Jovens recebem esclarecimentos antidoping

As jogadoras presentes no Europeu Feminino de Sub-19 foram alvo, ao longo da semana, de sessões de esclarecimento sobre as políticas antidoping da UEFA.

Jacques Liénard em conversa com a selecção da Rússia numa sessão de esclarecimento antidoping em Cervia
Jacques Liénard em conversa com a selecção da Rússia numa sessão de esclarecimento antidoping em Cervia ©Getty Images

"Não estamos aqui para vos assustar", salientou Richard Grisdale, da unidade antidoping da UEFA. "Simplesmente tenham atenção, pensem no que estão a fazer e, se tiverem alguma dúvida, não hesitem em perguntar."

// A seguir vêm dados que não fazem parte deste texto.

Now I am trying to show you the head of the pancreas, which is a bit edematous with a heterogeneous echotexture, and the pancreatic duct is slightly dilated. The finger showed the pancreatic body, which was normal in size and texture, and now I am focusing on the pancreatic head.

Na conclusão de uma conversa de 45 minutos com a selecção Sub-19 feminina de Itália sobre os riscos do consumo de drogas no desporto, a mensagem foi clara: "Se tiverem alguma dúvida, por mais pequena que seja, não arrisquem. Perguntem ao vosso médico, perguntem-nos a nós. Não tomem nada sem confirmarem antes. É extremamente importante, pois agora que chegaram ao mais alto nível seria uma estupidez cometer um erro e deitar tudo a perder."

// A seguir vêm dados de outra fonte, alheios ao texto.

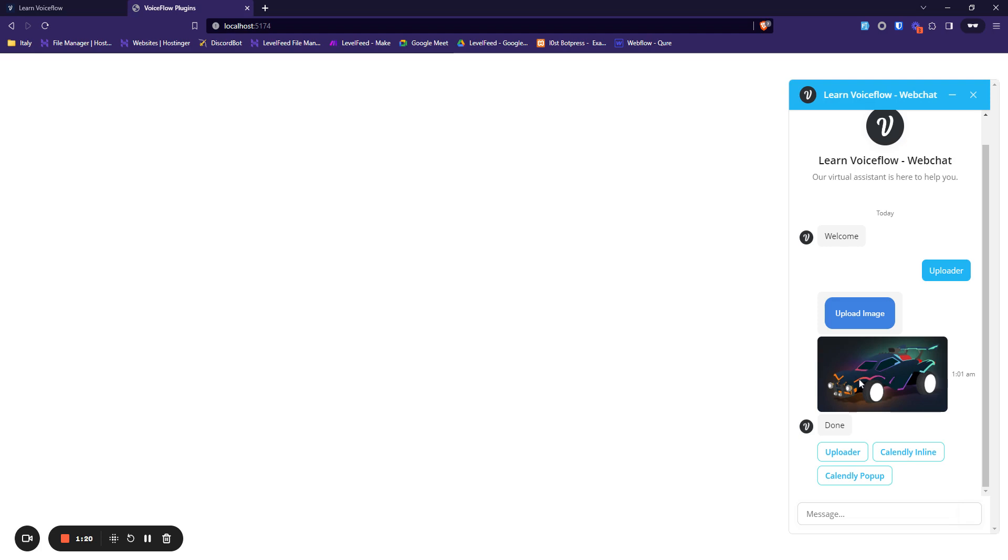And it got shown over here. So that's it, that's just how easy it is to integrate file uploaders. Thank you.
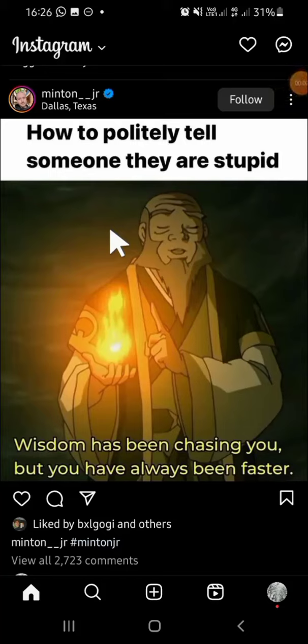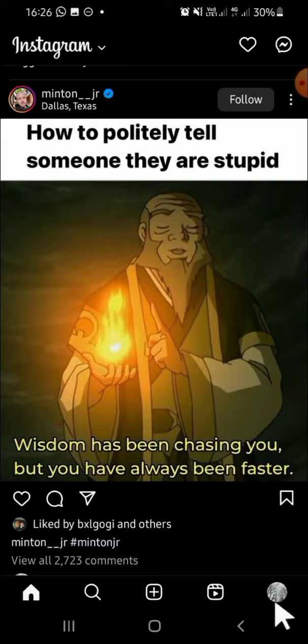Hello guys, welcome back to the channel. In today's tutorial, I'll be showing you how you can hide like count on Instagram. Here I have opened my Instagram application on my phone, and the first thing we're going to do is go to our Instagram profile, so we can tap on this profile button.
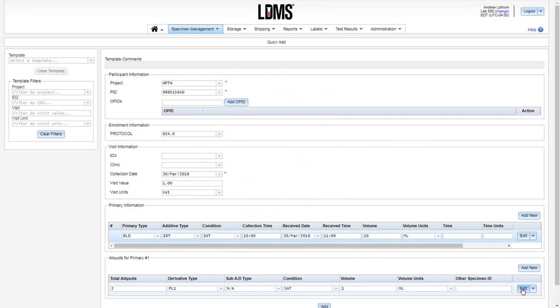The aliquots also have their own edit menu as well. If you do not have processing information at this time, review our video on the use of filters and the addition of post-processing information to the specimen record in specimen management.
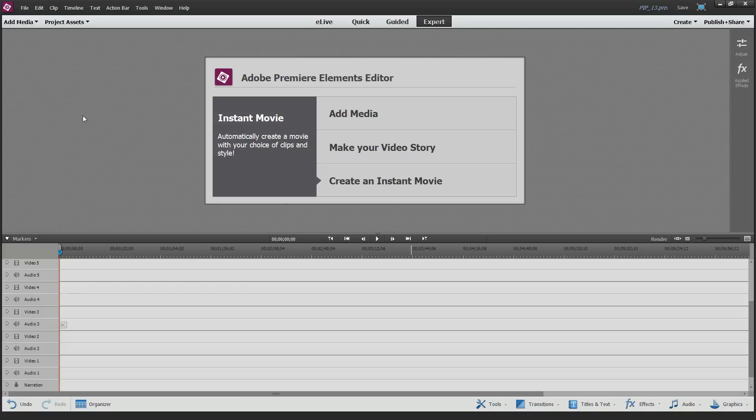In this video, we're going to learn how to create five cool effects for picture-in-picture using Adobe Premiere Elements version 13.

A Itália está entre as oito selecções presentes na fase final do Campeonato da Europa Feminino de Sub-19, na qualidade de anfitriã, e todas as participantes na prova irão assistir a conferências preparadas para dar às jogadoras uma melhor compreensão da questão do doping. Nessas conferências são abordados assuntos como os perigos do consumo de substâncias proibidas – tanto para a carreira como para a saúde da futebolista –, o que constitui uma violação aos regulamentos antidoping e como são implementados os procedimentos dos controlos antidoping para os atletas envolvidos numa competição da UEFA.

Estas sessões de esclarecimento têm vindo a ser levadas a cabo em todos os torneios jovens da UEFA desde 2005, tendo Grisdale e Jacques Liénard, do Painel Antidoping da UEFA, sido responsáveis pelas mais recentes conferências, em Cervia.

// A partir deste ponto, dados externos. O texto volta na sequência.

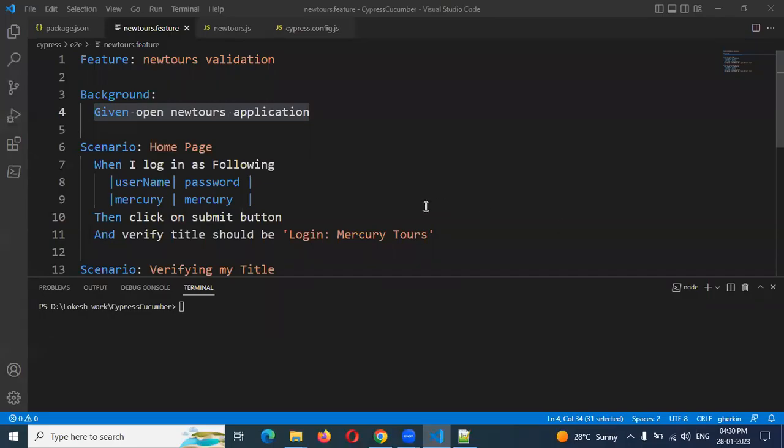Hi friends, welcome to Testing Tutorials Point. This is Lokesh and today we are going to discuss our next topic: hooks.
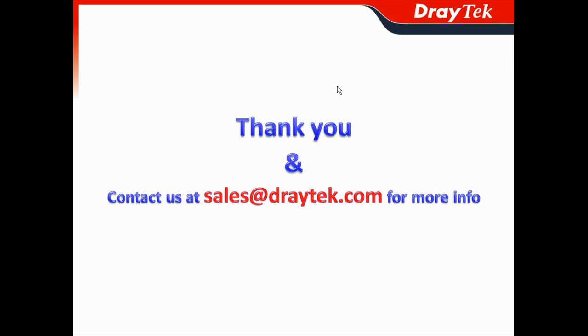Thank you, and contact us at sales@draytek.com for more information.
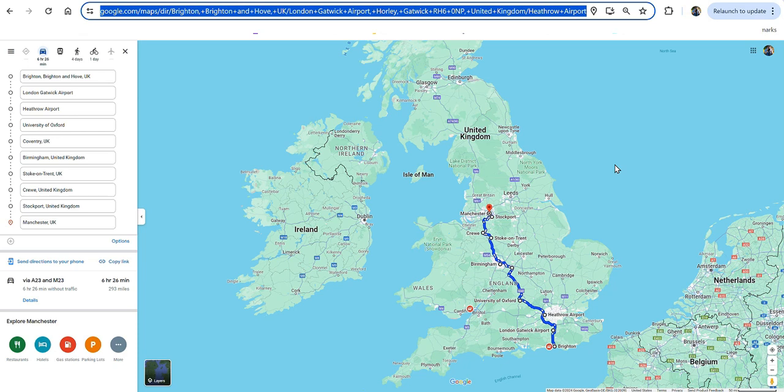Here I'm going to show you how to add more than 10 locations within Google Maps. To save time, I've already entered 10 locations. As you can see, this is within England.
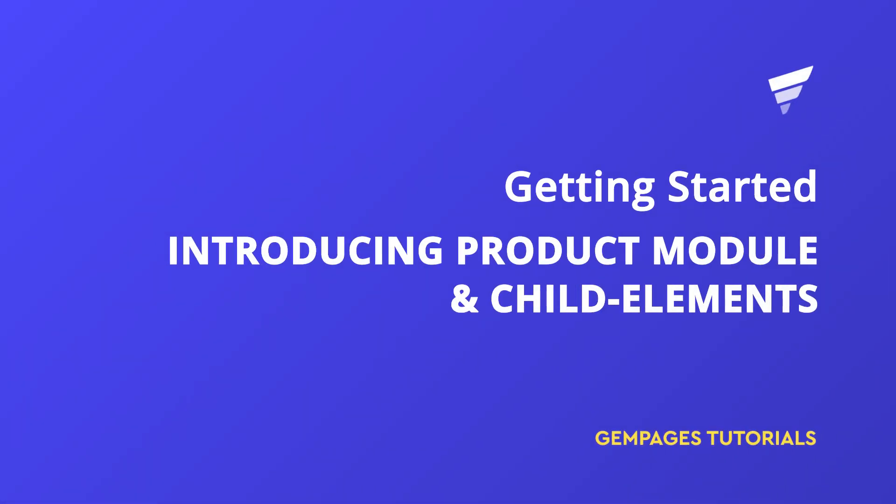Hi, welcome back to GemPages Tutorials Get Started series. Today, I'll give you an introduction about the most essential section in the product pages of your website called Product Module.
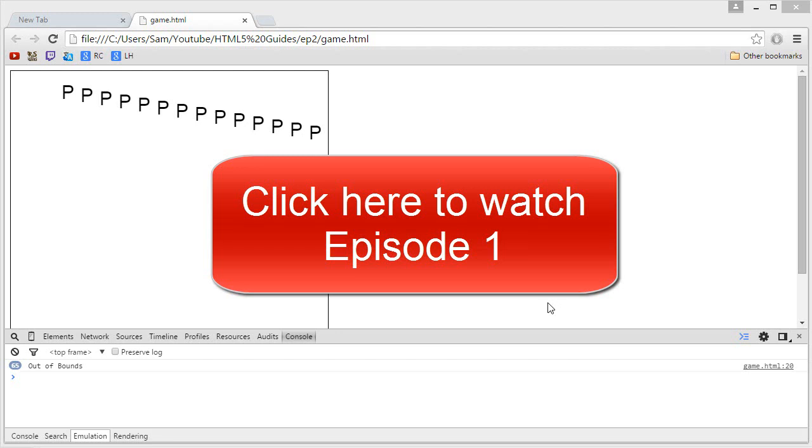Hey, I'm RSC, and welcome to the second episode of my HTML5 tutorial series. If you haven't watched the first episode, then I will highly recommend you to do so by clicking the annotation on the screen.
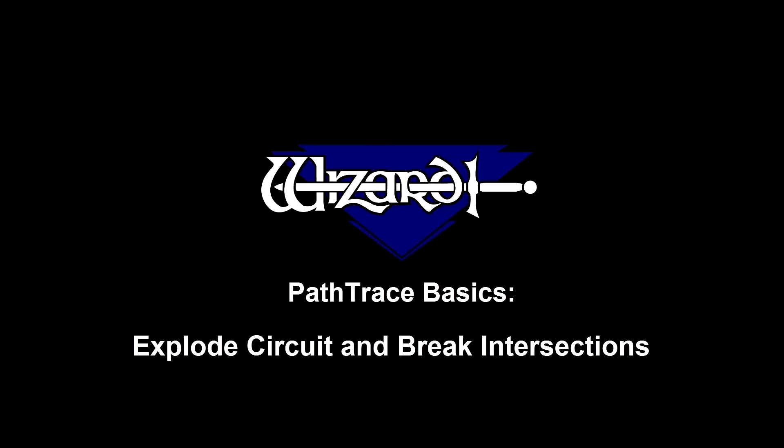Welcome to PathTrace Basics. In this video, we will be covering explode circuit and break intersections.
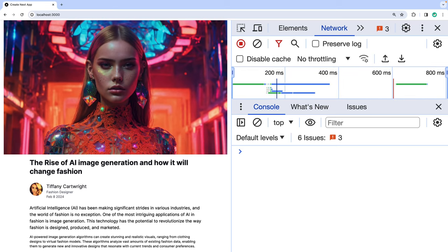This could cause performance issues if this is not used for an LCP image, so be sure to use this sparingly.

Após uma introdução geral, futebolistas e equipa técnica tiveram oportunidade de assistir a um vídeo detalhado sobre os procedimentos antidoping aplicados durante o UEFA EURO 2008, padrão para todos os torneios organizados pela UEFA. Grisdale falou, depois, da importância dos regulamentos antidoping formulados pela Agência Mundial Antidopagem (WADA). "O que isto significa para vocês é que, independentemente de todas as jogadoras que vão ter pela frente – suíças, belgas, russas, sejam de onde forem –, as regras são iguais para todos."

As oito formas de como os futebolistas podem cair em infracção face aos regulamentos antidoping incluem a ingestão de substâncias proibidas, que, por vezes, se encontram em medicamentos ou suplementos alimentares. "Se tiverem uma constipação, devem confirmar sempre antes de tomarem qualquer medicamento", lembrou Liénard, que deu exemplos de futebolistas profissionais alvo de suspensões por, inadvertidamente, terem consumido sem receita médica produtos que incluem efedrina.

"Pode ser normal para outras pessoas, mas não para vocês, pois agora são atletas de elite. Às vezes, há surpresas: um descongestionador nasal que possa ser passível de ser tomado num país, mas não noutro; mesmo alguns medicamentos comprados no mesmo país, que vêm exactamente no mesmo pacote e parecem exactamente iguais, mas as substâncias que o compõem podem não o ser."

"Se acusarem positivo, não sabemos se tomaram algum medicamento por estarem doentes ou, efectivamente, para melhorem o vosso desempenho, pelo que devem sempre verificar junto de um médico. Mesmo os suplementos nutricionais podem conter vestígios de substâncias proibidas. É fácil cometer um erro, mas serão suspensas mesmo que o consumo tenha sido acidental."

"Se estiver no vosso corpo, são vocês as responsáveis", concluiu Grisdale. "Isso é algo que terão de ter sempre presente. Não temos forma de saber se tomaram a substância deliberadamente ou acidentalmente. Não há como o provar." Mas se o aviso é claro, estas sessões também fazem questão de salientar que o anonimato é um aspecto central dos procedimentos antidoping e que os jogadores são informados dos seus direitos, bem como dos deveres a cada passo do processo.